A las ocho y tres minutos alguien ponía en marcha el aire acondicionado y con un ruido imponente empezaba una mañana más la invasión del espacio que estábamos respirando. Se hacía dueño de toda la oficina. Eramos conocidos en el edifico como los polacos. Eramos los que sufríamos la invasión alemana cada día, Viessmann se llamaba el general de las tropas hostiles. Comenzaba siendo simplemente molesto, simpatizando en las conversaciones, diluyendo algunas palabras que no encontraban su destino final y terminaba congelando a la secretaria de la jefa de contabilidad.

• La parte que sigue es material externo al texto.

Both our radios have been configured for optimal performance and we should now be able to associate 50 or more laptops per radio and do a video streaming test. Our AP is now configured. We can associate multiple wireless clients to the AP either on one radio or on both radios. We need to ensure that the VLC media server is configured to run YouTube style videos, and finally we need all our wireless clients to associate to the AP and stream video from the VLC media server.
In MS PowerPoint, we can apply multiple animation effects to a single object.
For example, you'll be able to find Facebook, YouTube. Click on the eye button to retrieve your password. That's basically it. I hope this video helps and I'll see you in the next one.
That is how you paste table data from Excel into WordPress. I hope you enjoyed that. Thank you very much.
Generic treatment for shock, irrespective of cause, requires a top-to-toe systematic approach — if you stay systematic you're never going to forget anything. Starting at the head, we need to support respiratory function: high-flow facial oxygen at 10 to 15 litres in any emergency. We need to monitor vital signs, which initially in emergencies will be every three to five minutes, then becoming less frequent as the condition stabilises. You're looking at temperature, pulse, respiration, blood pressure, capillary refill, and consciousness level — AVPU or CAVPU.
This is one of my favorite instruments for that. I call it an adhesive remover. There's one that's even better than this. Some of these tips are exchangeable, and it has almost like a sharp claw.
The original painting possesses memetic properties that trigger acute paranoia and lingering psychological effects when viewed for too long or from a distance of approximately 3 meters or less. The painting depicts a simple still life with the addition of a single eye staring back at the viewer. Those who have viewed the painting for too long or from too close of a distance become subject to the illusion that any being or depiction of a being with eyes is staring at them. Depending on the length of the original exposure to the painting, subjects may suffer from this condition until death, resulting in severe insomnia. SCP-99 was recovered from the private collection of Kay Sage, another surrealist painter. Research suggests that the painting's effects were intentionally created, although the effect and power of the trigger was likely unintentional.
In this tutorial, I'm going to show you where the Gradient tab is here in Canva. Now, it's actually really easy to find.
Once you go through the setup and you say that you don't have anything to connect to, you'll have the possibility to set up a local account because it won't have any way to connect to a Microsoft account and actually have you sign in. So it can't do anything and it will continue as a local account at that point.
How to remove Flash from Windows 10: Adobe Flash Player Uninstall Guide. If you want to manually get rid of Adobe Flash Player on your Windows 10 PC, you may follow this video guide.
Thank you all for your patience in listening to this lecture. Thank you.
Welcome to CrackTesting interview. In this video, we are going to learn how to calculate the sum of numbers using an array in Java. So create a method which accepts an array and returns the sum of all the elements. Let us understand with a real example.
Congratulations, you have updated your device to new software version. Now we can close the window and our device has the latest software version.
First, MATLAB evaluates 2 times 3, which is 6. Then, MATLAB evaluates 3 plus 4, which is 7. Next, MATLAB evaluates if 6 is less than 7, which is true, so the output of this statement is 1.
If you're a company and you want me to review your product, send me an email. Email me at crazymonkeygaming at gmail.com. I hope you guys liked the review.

En el cuarto de la fotocopiadora tenia levantado un iglú. Allí pasaba casi todo su tiempo de trabajo, incluso había pedido le pusieran un terminal de teléfono para el fax y el informático las pasó canutas para que la señal inalámbrica llegara hasta aquella cueva urbana. Sin embargo su piel era la envidia de un departamento minado de mujeres -de todas las edades-, tan tersa, tan fría, tan brillante, y lo mejor para las largas jornadas de encarcelamiento administrativo, ella no perdía nunca la sonrisa. Era una mujer distante pero atrayente al mismo tiempo. Nunca he vuelto a sentir esa extraña imantación. Tan ajena a las chicas de mi edad. Alguien, durante un desayuno, sentenció 'Julio Verne hubiera escrito una novela... una aventura a lo desconocido'.
En esta distancia que os describo mirábamos el movimiento de su blusa. La separación entre los botones dejaba que el aire que surgía con fuerza de las paredes jugueteara entre sus pechos mientras realizaba su trabajo. La especulación silenciosa e imaginativa sobre su cuerpo, su vida fuera de
Polonia, sus pensamientos respecto a lo que le rodeaba era el entretenimiento de parte de los empleados de la oficina. Especialmente de los becarios del departamento de Análisis Financiero. Suponíamos que el sentirse observada la hacía más radiante, más bella, más fría y especialmente, increiblemente más sensual. Muchos hubieramos seguido seis meses más bajo el yugo de la esclavitud camuflada, moderna, multimedia, global y consentida en que se había convertido nuestra vida de becarios.